- TASK REQUIREMENTS -
Leave the images out and repeat the data exactly as given.

- INPUT DATA -
------

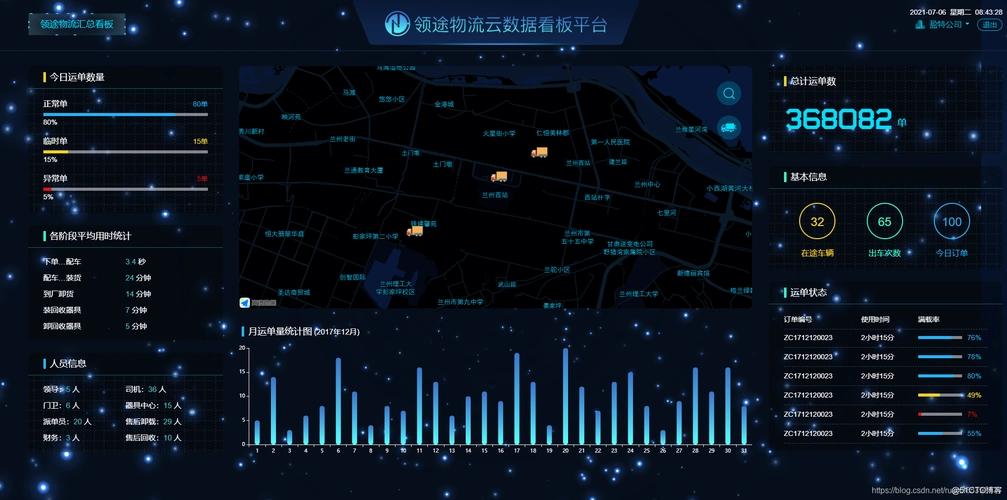 基于echarts实现可视化数据大屏展示(150套)——制作深蓝色科技感物流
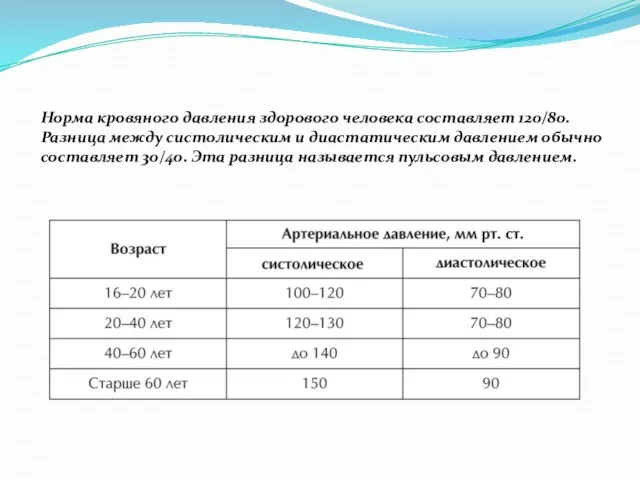 Норма кровяного давления здорового человека составляет 120/80. Разница между систолическим и диастатическим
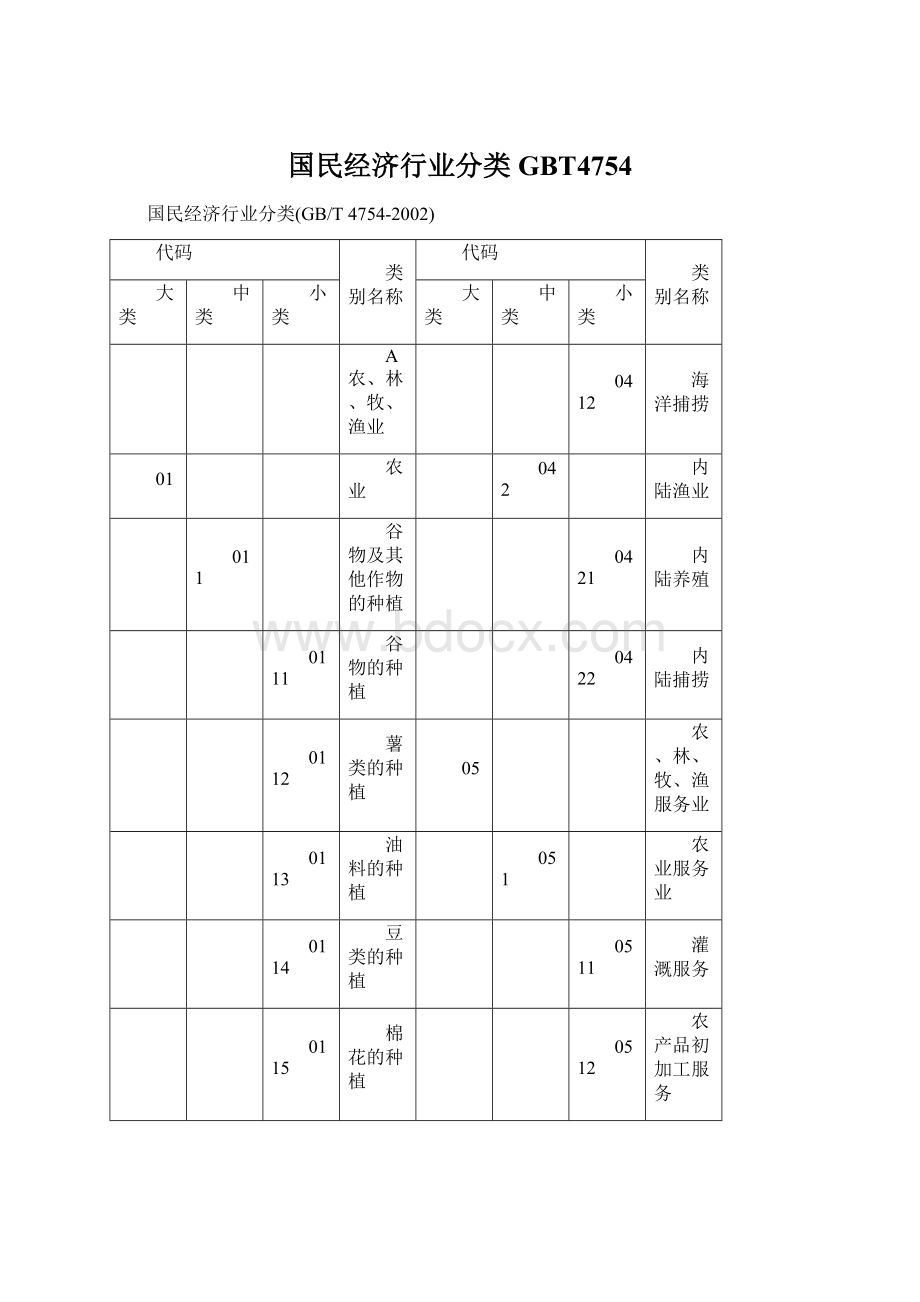 国民经济行业分类GBT4754.docx_第1页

------

- EXERCISE ANSWER -
 基于echarts实现可视化数据大屏展示(150套)——制作深蓝色科技感物流
 Норма кровяного давления здорового человека составляет 120/80. Разница между систолическим и диастатическим
 国民经济行业分类GBT4754.docx_第1页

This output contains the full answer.